Submarine Cables Hormuz Risk. A tanker drifts. An anchor drops. No explosion, no headlines at first. Then banks slow down, cloud services lag, and half the internet feels… off.
This is not a hypothetical scenario. It already happened in the Red Sea in 2025, when multiple fiber optic cables were cut, disrupting connectivity across Asia and the Middle East.
Now place that same event in the Strait of Hormuz—one of the most sensitive geopolitical chokepoints on the planet.
The question is simple: how fragile is global internet infrastructure when it runs through a war zone?

The hidden backbone of the internet
Most people imagine satellites when thinking about the internet. That’s outdated.
97% of global data travels underwater
Submarine cables carry almost all international data traffic. Not satellites, not wireless networks. Physical cables, lying on the ocean floor.
- Around 1.7 million kilometers of submarine cables exist worldwide
- The Red Sea–Persian Gulf corridor handles over 20% of global traffic
- Up to 95% of Asia–Europe data flows through these routes
This makes Hormuz more than an energy chokepoint. It’s a digital artery.
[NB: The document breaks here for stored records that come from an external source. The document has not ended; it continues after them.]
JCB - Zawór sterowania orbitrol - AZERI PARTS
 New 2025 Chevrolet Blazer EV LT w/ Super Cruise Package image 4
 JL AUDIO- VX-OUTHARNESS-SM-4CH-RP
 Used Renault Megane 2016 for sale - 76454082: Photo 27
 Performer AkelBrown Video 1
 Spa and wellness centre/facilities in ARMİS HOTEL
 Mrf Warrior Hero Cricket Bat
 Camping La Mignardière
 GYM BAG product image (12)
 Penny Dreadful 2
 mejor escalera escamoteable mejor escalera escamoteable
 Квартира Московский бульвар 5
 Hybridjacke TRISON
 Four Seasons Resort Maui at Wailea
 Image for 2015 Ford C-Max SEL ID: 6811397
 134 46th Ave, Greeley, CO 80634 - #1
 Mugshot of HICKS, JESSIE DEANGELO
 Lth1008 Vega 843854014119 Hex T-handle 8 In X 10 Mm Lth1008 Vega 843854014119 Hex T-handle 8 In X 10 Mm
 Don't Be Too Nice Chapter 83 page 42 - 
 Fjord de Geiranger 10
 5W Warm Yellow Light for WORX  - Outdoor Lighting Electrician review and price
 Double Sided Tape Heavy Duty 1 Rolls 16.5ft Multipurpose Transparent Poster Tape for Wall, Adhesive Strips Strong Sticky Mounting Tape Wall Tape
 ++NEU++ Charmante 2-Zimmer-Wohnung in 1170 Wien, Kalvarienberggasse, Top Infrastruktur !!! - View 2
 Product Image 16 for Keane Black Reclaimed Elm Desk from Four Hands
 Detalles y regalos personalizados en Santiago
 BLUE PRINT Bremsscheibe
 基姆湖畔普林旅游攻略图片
Big Tech knows this. Google, Meta, Amazon, and Microsoft have invested billions in these routes—and slowed projects when security risks increased.
Not for budget reasons. For survival.
A disruption doesn’t kill the internet—but it hurts
Let’s drop the Hollywood version. No total blackout.
Reality is messier.
What actually happens during cable damage
When cables fail:
- Traffic reroutes automatically
- Alternative paths handle overflow
- Latency increases sharply
- Costs spike
During previous incidents, rerouting via longer paths—like around the Cape of Good Hope—cost up to six times more and added significant delay.
The internet bends. It doesn’t break.
But some regions suffer more.
Who gets hit the hardest?
Countries with limited redundancy:
- India
- Pakistan
- East Africa
These regions depend heavily on a few key routes. When those fail, performance drops fast.
Streaming buffers. Cloud services lag. Financial systems slow down.
And timing matters.
The real bottleneck: repair time
Cutting a cable is easy.
Fixing it? That’s another story.
Weeks… or months
Under normal conditions:
- A repair ship takes weeks to fix one cable
In conflict zones:
- Repairs can take 6 months or more
In 2024, repair operations in contested waters were delayed due to security threats. Ships simply couldn’t approach safely.
Now imagine Hormuz during escalation.
No access. No repairs. Just degraded service for months.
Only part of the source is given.